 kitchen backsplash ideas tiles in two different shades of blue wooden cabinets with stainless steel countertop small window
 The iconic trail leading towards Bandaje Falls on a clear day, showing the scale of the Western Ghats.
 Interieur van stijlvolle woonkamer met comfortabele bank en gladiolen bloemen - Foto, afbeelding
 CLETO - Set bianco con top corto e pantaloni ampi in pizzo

________________________________________

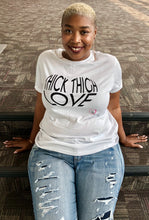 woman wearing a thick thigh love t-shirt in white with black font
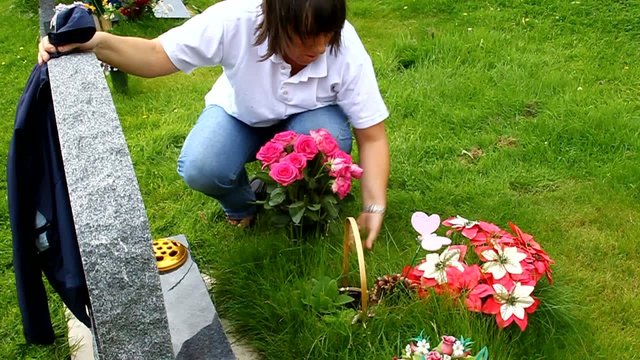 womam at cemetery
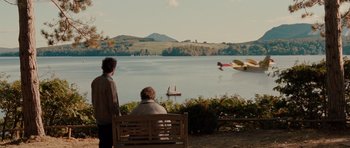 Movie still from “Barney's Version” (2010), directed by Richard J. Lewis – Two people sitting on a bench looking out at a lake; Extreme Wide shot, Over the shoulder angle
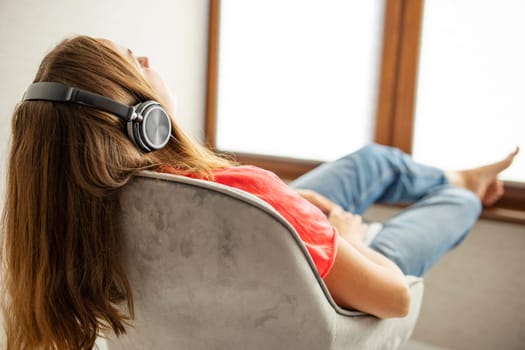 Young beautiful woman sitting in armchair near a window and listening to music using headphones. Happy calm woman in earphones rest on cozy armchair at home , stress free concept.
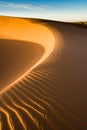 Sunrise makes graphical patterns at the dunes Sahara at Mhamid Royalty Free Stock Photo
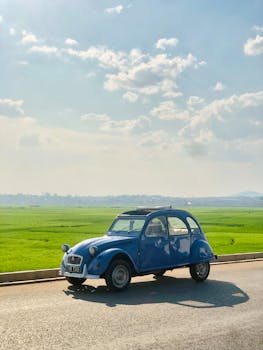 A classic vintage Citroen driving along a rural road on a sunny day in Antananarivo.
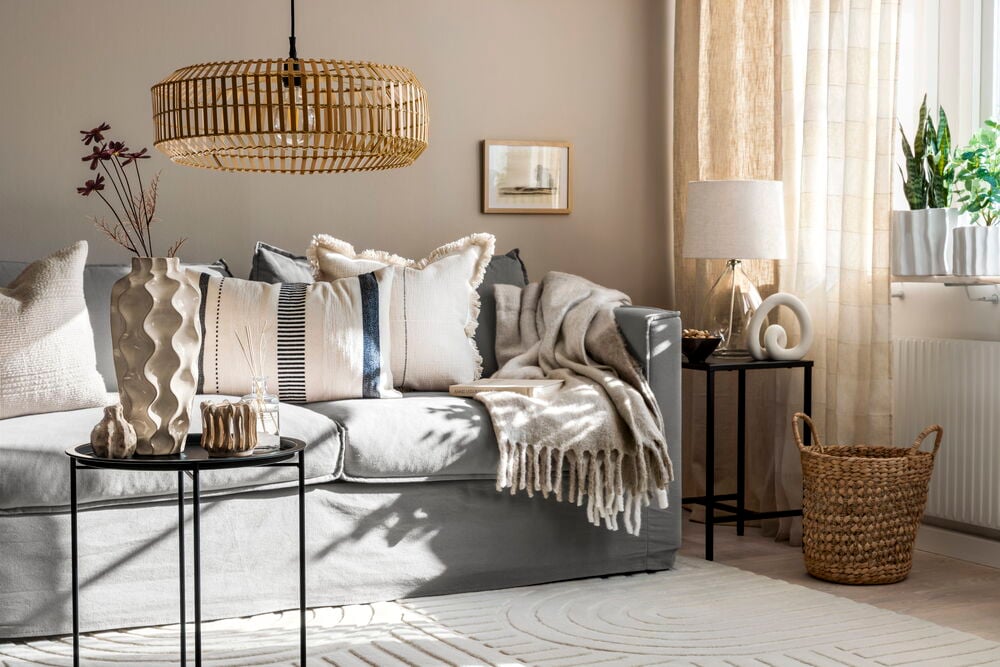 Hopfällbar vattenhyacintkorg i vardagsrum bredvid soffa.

________________________________________

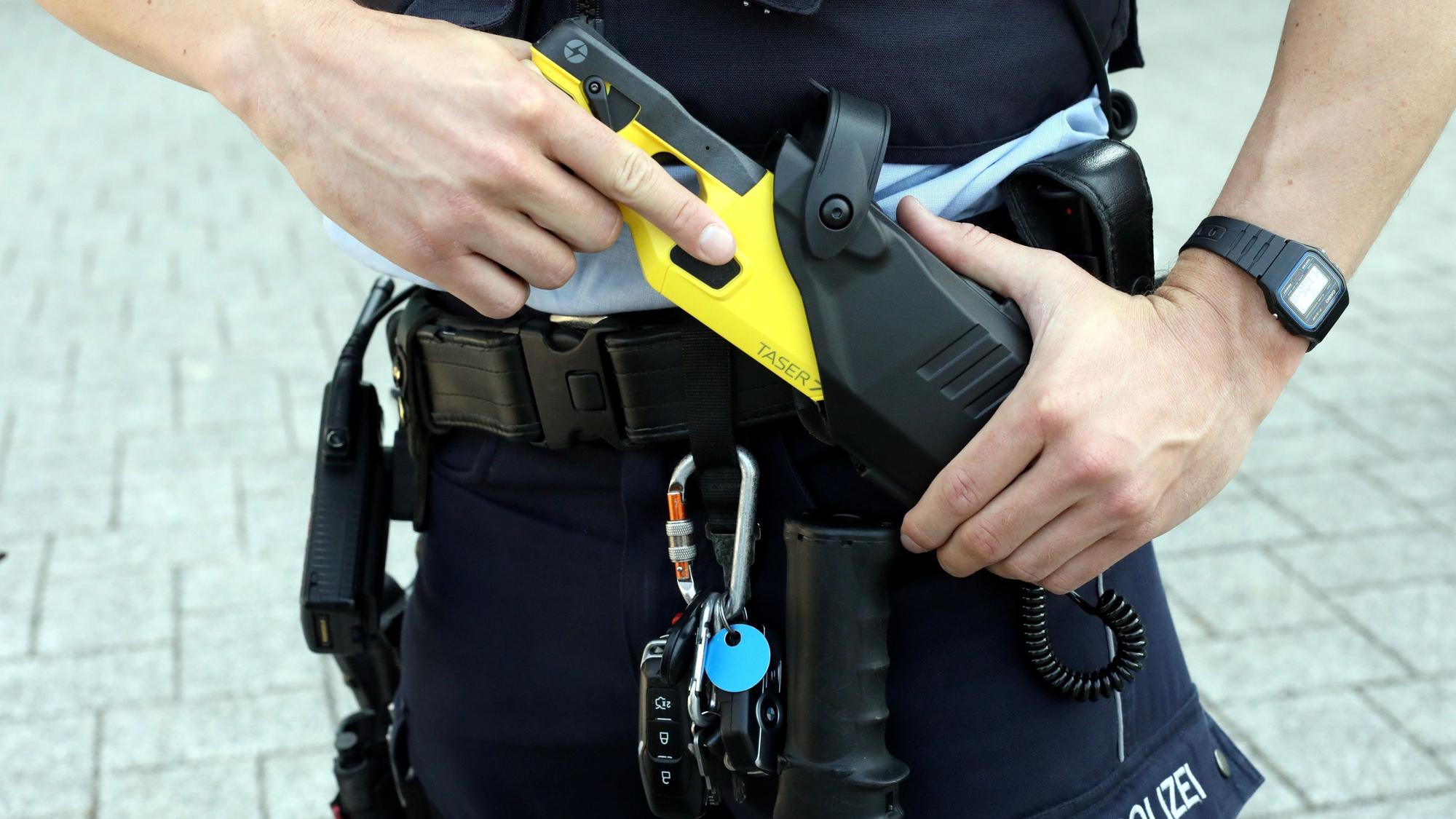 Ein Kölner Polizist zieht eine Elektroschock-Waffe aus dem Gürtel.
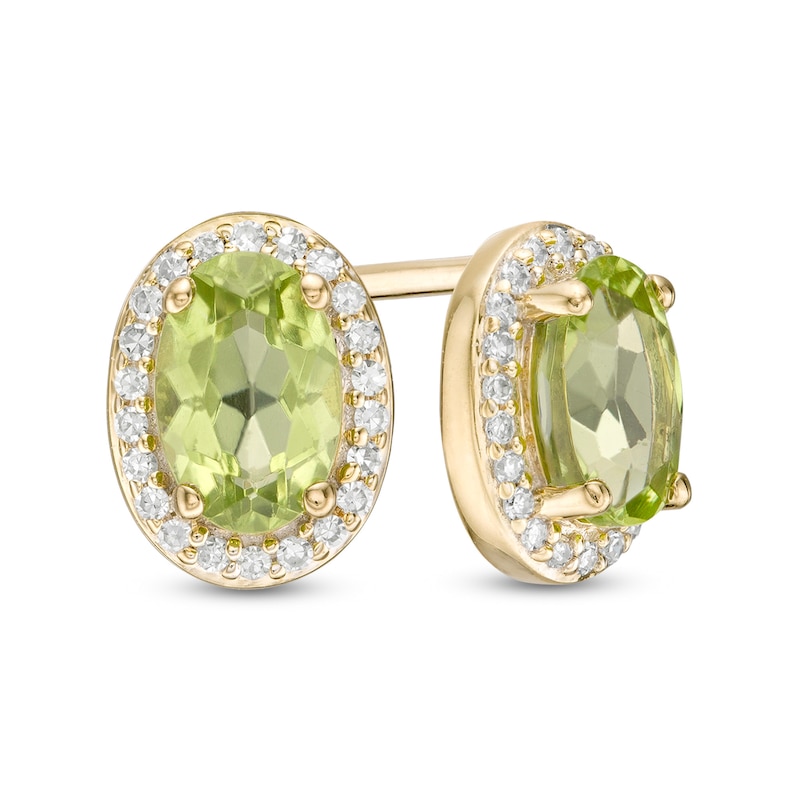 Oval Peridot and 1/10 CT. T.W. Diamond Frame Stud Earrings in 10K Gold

________________________________________

[Exercise objective]
Your answer should be the exact lines above from the one with "kitchen backsplash ideas" through the one with "CLETO - Set", both included, and nothing besides.

[Result below]
 kitchen backsplash ideas tiles in two different shades of blue wooden cabinets with stainless steel countertop small window
 The iconic trail leading towards Bandaje Falls on a clear day, showing the scale of the Western Ghats.
 Interieur van stijlvolle woonkamer met comfortabele bank en gladiolen bloemen - Foto, afbeelding
 CLETO - Set bianco con top corto e pantaloni ampi in pizzo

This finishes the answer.